IFM41130 - Stamp Duty and SDRT: specific exemption for repurchases of share and loan capital

FA22/SCH2/PARA54 provides an exemption from Stamp Duty and SDRT for repurchases of own shares and loan capital by a QAHC provided certain conditions are met.

‘Loan capital’ has the meaning given by FA86/S78(7), and reference to the issue of loan capital includes the issuing of any rights in connection with the raising of capital.

The date at which it is determined whether a company is a QAHC for the purposes of the exemption is the date of the unconditional agreement to transfer the QAHC’s own shares or own loan capital to the QAHC. This effectively replicates when the relevant date for an SDRT charge to arise on the transfer would be. The relevant date for a Stamp Duty charge (the date of execution of the instrument) would never precede the relevant date for SDRT purposes.

If a company subsequently discovers a breach of the eligibility rules which means that it was not a QAHC at the time of the unconditional agreement to transfer, the exemption would not be applicable. In these circumstances a charge to Stamp Duty or SDRT would arise, and customers should contact HMRC. If an instrument of transfer (for example an SH03 for a repurchase of shares) was used, customers should use the Stamp Duty contact details in the link.
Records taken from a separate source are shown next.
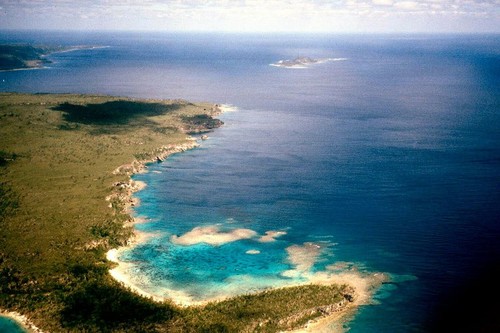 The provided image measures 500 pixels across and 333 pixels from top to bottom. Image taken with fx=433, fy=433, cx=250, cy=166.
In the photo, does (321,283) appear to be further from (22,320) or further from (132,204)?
(132,204)

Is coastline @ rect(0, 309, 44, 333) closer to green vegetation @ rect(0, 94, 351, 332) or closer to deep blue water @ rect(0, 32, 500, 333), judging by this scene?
green vegetation @ rect(0, 94, 351, 332)

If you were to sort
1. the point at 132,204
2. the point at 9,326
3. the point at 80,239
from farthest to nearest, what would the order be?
the point at 132,204, the point at 80,239, the point at 9,326

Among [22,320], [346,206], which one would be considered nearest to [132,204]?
[22,320]

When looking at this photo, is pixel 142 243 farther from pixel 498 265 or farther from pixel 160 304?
pixel 498 265

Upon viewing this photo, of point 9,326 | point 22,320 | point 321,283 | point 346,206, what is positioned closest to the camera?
point 9,326

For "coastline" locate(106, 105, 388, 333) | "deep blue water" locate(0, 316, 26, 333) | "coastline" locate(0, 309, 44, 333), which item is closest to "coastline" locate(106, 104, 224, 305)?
"coastline" locate(106, 105, 388, 333)

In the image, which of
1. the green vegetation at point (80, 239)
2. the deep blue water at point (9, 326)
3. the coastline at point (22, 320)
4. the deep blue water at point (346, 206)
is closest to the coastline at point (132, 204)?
the green vegetation at point (80, 239)

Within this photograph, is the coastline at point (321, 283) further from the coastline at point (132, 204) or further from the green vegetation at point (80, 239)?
the green vegetation at point (80, 239)

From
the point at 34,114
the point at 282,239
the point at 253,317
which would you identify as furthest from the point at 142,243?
the point at 34,114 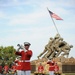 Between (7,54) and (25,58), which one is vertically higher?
(7,54)

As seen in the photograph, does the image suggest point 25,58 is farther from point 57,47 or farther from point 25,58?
point 57,47

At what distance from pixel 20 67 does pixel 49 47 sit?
2686 cm

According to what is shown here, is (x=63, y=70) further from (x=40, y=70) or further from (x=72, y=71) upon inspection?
(x=40, y=70)

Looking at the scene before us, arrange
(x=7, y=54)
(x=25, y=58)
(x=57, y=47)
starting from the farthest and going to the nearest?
(x=7, y=54)
(x=57, y=47)
(x=25, y=58)

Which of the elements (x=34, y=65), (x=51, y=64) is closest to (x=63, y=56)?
(x=34, y=65)

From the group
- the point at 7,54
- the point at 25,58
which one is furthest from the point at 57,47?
the point at 7,54

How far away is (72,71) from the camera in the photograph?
36688 millimetres

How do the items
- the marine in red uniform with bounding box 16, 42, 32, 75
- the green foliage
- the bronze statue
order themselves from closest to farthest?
the marine in red uniform with bounding box 16, 42, 32, 75
the bronze statue
the green foliage

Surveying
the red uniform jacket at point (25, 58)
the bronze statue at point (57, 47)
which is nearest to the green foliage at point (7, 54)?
the bronze statue at point (57, 47)

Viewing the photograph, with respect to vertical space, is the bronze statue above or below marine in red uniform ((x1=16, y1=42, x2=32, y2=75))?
above

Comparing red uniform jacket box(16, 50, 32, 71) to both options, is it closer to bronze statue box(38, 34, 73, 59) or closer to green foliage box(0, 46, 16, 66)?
bronze statue box(38, 34, 73, 59)

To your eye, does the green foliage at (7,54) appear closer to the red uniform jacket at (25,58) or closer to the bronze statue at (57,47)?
the bronze statue at (57,47)

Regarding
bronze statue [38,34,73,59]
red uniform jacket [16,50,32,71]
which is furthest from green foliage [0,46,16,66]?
red uniform jacket [16,50,32,71]

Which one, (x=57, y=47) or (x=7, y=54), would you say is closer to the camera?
(x=57, y=47) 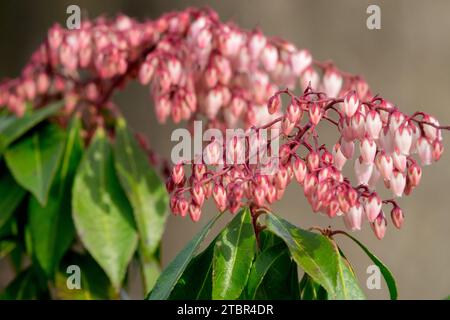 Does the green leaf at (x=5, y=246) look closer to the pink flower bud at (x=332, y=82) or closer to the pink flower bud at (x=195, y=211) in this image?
the pink flower bud at (x=332, y=82)

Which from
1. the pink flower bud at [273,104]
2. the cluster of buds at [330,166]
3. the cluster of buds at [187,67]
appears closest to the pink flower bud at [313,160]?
the cluster of buds at [330,166]

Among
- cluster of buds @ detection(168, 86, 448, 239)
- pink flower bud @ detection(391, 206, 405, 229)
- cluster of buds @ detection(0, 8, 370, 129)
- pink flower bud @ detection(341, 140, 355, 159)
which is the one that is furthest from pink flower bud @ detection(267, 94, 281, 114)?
cluster of buds @ detection(0, 8, 370, 129)

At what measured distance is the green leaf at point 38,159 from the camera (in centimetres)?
174

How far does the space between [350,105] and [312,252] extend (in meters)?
0.19

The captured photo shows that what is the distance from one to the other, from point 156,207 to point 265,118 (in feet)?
0.93

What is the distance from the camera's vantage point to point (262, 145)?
1.12 metres

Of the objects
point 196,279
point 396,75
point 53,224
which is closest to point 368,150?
point 196,279

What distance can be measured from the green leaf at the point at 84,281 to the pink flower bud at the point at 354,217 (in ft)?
2.58

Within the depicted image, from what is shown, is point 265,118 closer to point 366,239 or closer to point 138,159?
point 138,159

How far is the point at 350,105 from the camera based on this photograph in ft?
3.60

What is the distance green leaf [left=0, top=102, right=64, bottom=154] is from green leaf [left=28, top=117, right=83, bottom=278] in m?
0.12

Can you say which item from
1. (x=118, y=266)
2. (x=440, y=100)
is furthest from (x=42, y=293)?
(x=440, y=100)

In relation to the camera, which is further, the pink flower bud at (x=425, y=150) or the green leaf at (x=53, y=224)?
the green leaf at (x=53, y=224)

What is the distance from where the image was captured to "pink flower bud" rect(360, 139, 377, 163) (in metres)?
1.12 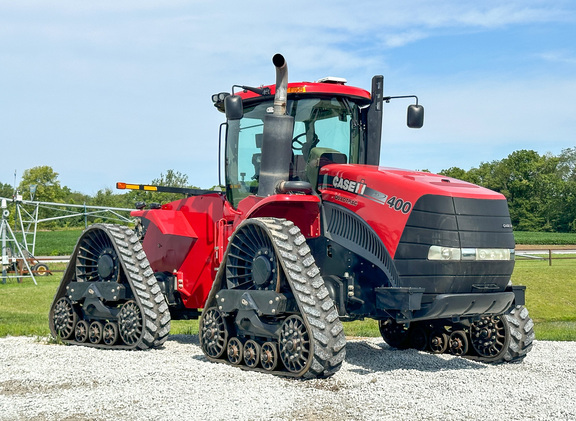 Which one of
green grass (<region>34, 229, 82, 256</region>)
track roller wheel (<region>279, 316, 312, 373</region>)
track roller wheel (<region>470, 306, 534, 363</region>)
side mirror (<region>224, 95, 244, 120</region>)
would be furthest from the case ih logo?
green grass (<region>34, 229, 82, 256</region>)

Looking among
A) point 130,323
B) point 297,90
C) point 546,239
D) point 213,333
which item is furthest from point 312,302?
point 546,239

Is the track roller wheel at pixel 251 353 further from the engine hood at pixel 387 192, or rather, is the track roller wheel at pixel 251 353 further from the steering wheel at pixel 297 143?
the steering wheel at pixel 297 143

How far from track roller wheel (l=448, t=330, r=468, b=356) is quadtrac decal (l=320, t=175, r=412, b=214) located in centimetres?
281

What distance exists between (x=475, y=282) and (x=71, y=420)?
4607 millimetres

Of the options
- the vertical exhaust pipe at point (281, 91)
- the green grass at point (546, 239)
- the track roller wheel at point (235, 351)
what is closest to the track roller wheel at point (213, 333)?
the track roller wheel at point (235, 351)

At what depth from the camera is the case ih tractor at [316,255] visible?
8.30 meters

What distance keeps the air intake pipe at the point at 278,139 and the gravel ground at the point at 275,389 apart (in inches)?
91.9

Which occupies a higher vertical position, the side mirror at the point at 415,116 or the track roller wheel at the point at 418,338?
the side mirror at the point at 415,116

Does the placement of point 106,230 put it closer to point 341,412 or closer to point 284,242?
point 284,242

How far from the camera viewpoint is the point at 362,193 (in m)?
8.74

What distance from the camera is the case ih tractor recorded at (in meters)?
8.30

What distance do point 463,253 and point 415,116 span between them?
2.45 meters

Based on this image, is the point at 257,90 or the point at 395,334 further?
the point at 395,334

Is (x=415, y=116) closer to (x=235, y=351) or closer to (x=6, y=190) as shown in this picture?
(x=235, y=351) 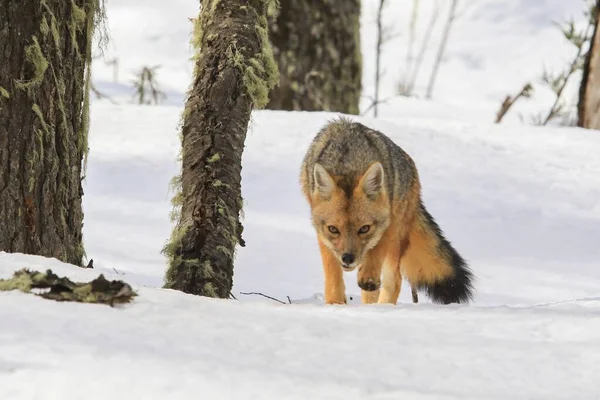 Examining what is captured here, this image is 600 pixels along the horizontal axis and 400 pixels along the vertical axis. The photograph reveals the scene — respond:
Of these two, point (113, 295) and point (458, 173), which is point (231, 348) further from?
point (458, 173)

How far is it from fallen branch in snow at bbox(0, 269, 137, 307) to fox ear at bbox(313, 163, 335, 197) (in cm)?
212

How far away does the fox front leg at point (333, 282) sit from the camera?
4.82 meters

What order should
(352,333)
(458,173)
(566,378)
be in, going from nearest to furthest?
1. (566,378)
2. (352,333)
3. (458,173)

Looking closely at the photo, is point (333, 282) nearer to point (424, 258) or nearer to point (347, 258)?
point (347, 258)

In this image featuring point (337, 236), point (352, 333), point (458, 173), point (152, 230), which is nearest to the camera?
point (352, 333)

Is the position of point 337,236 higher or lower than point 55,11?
lower

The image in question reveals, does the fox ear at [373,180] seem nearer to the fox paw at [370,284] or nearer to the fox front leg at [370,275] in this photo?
the fox front leg at [370,275]

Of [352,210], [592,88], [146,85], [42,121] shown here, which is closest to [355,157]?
[352,210]

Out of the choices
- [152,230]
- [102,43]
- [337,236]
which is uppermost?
[102,43]

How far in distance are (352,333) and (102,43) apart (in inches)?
89.4

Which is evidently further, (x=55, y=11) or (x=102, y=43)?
(x=102, y=43)

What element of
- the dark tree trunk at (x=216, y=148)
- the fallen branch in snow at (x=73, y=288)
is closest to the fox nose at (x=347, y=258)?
the dark tree trunk at (x=216, y=148)

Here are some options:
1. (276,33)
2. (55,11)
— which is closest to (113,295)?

If no instrument was used, customers should use the SDRT contact details listed here (search on ‘tax when you buy shares on gov.uk).

A repurchase of shares or loan capital by a company that ceased being a QAHC as a result of that transfer is to be treated as a transfer to a QAHC. For example, a QAHC has 70 shares owned by category A investors and 30 shares owned by non-category A investors. It repurchases 5 shares from a category A investor. In consequence of that transaction, the QAHC fails the ownership condition. However, the Stamp Duty and SDRT exemption still applies on the transfer of the 5 shares.

The conditions for exemption are:

  • the repurchase does not form part of a disqualifying arrangement (IFM41140) or take place at a time when there is an arrangement for a substantial sale of the QAHC (IFM41150).

  • In the case of own shares, the QAHC must make a return to the registrar of companies (as required by CA06/S707). The relevant box on the form must be used to confirm that the repurchase of shares is self-certified as exempt under the QAHC exemption. Provided that the appropriate self-certification is correctly made, the SH03 can be forwarded to Companies House without being sent to HMRC for stamping.

If a return to the registrar of companies (as required CA06/S707) is not made, SDRT will be chargeable on the agreement to repurchase shares. (Guidance on category A investors is at IFM40240+ and ownership condition is at IFM40210+)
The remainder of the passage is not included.